Assignment:
Copy only the lines from the one containing "待婉布衣柜简易衣柜非实木收纳架钢管加粗加厚加固钢管架子无纺布衣橱" through the final line of the records below, exactly as written, with no pictures.
━━━━━━━━━━━━━━━━
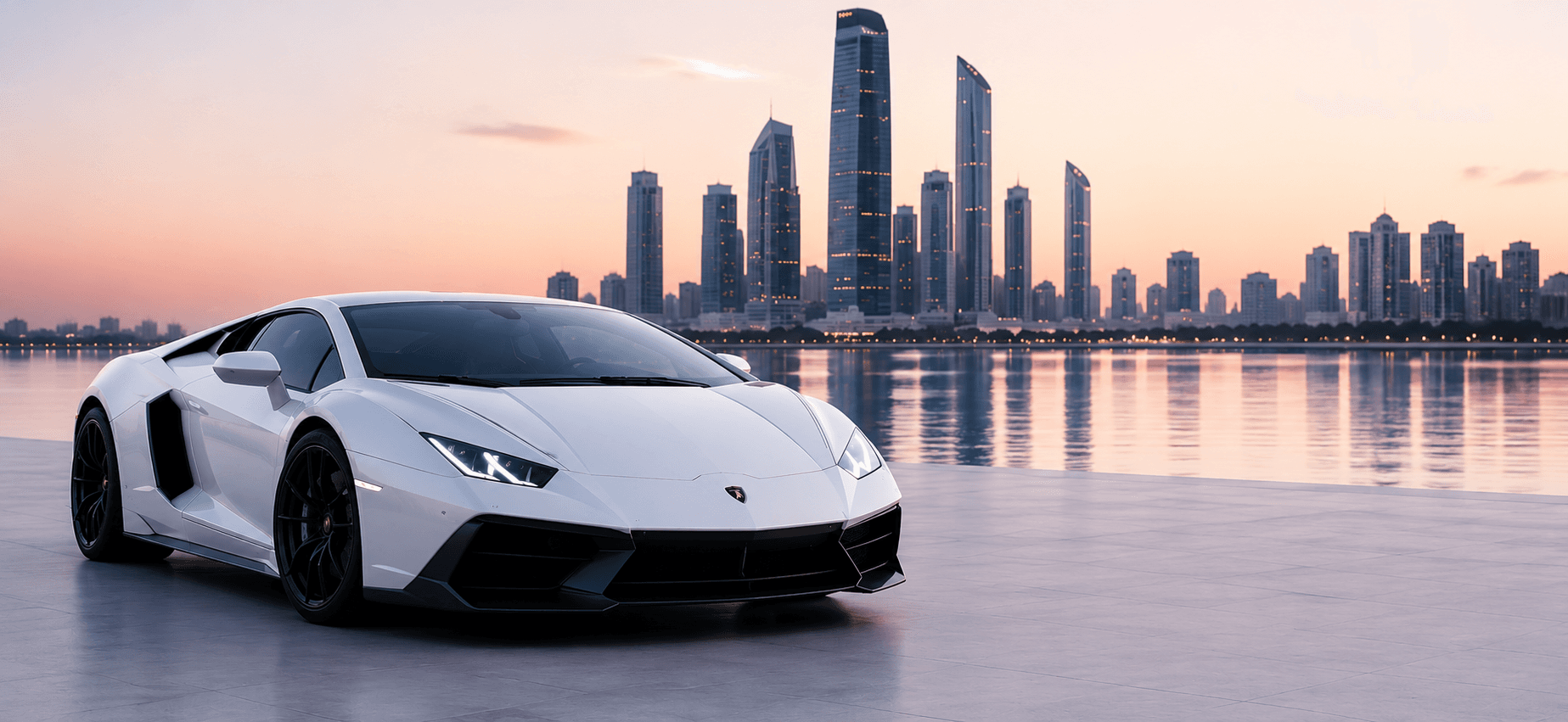 Luxury vehicle with a South Florida city skyline at dusk
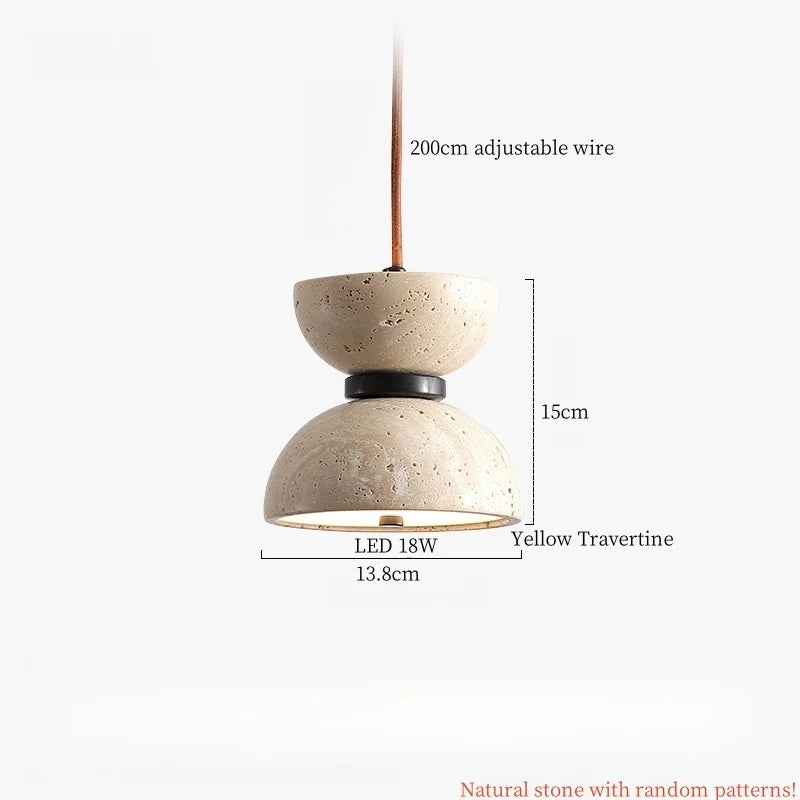 مصابيح إضاءة متدلية من الحجر الياباني DecorBites™ LED - حجر ترافرتين أصفر وWabi Sabi
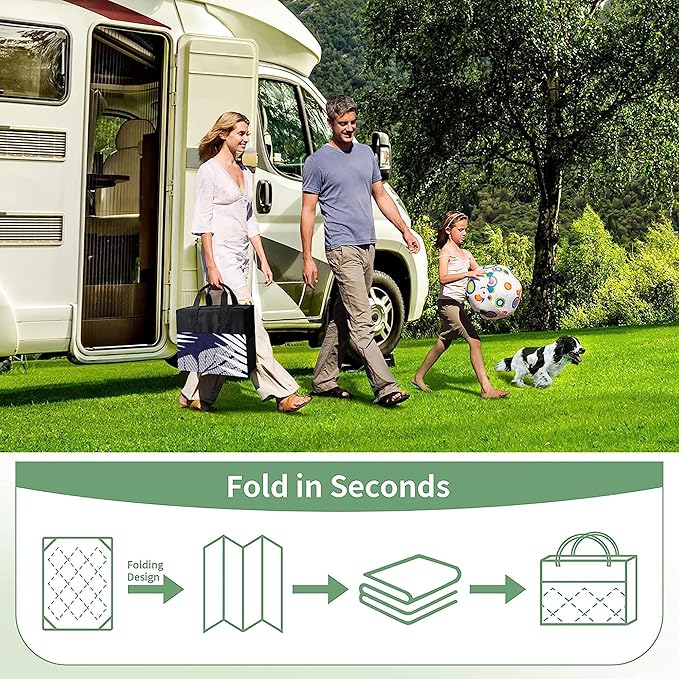 GENIMO Outdoor Rug 10' x 14' Waterproof for Patios Clearance, Reversible Outdoor Plastic Straw Camping Rug Carpet, Large Area Rugs Mats for RV, Camper, Deck, Balcony, Porch, Beach, Navy Blue&White
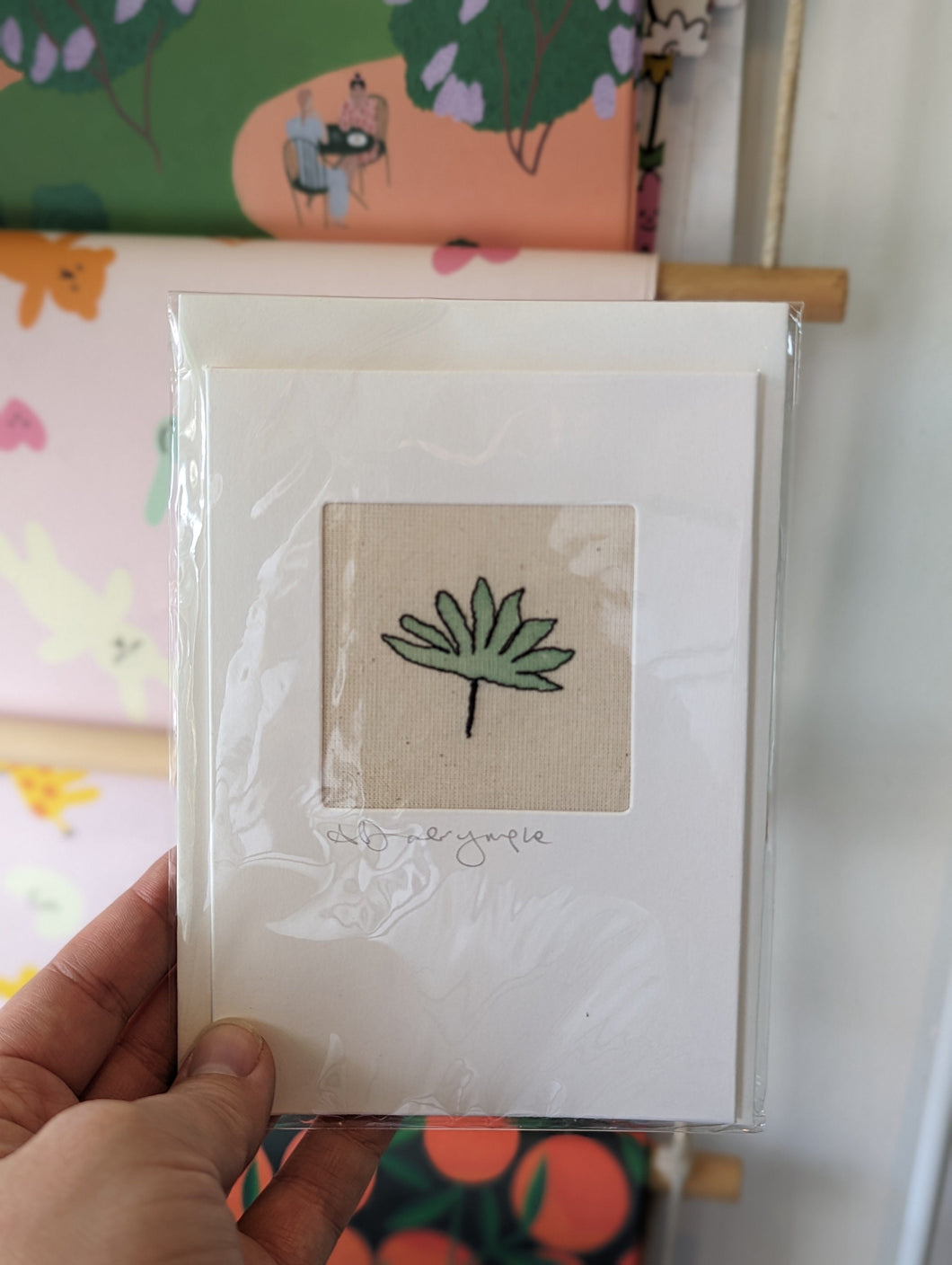 Embroidered Card - Palm Leaf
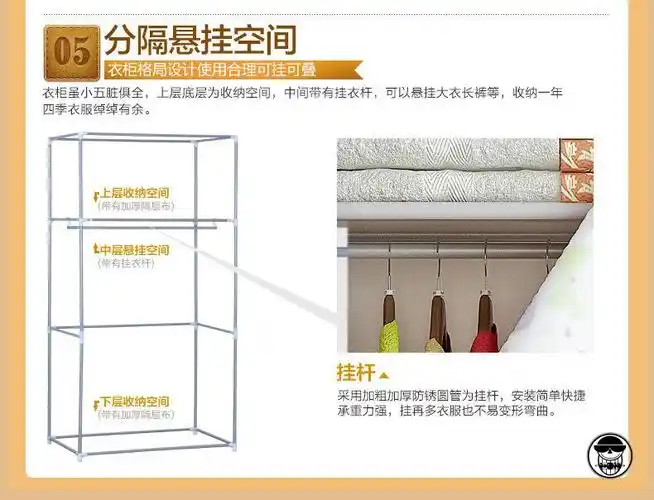 待婉布衣柜简易衣柜非实木收纳架钢管加粗加厚加固钢管架子无纺布衣橱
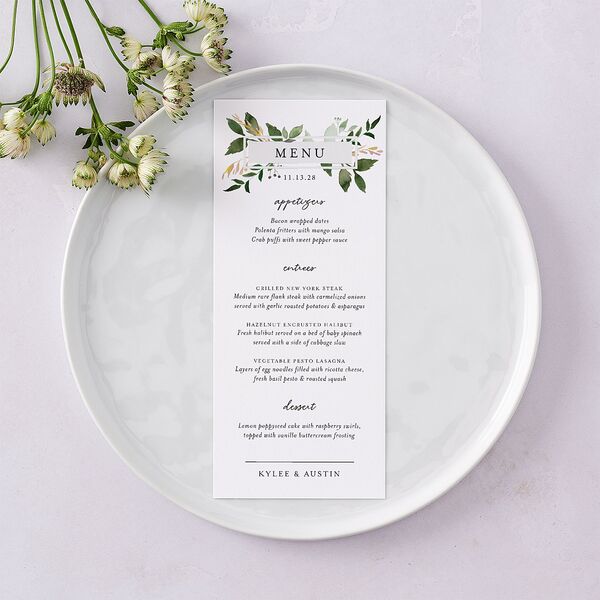Leafy Frame Menus Hunter Green Signature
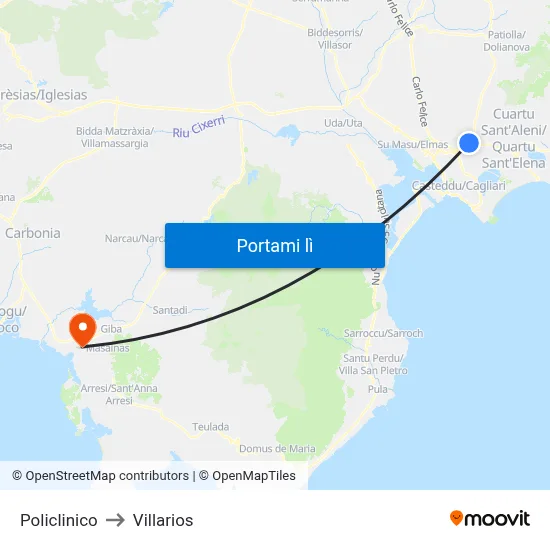 Policlinico to Villarios map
━━━━━━━━━━━━━━━━
The completed task:
 待婉布衣柜简易衣柜非实木收纳架钢管加粗加厚加固钢管架子无纺布衣橱
Leafy Frame Menus Hunter Green Signature
 Policlinico to Villarios map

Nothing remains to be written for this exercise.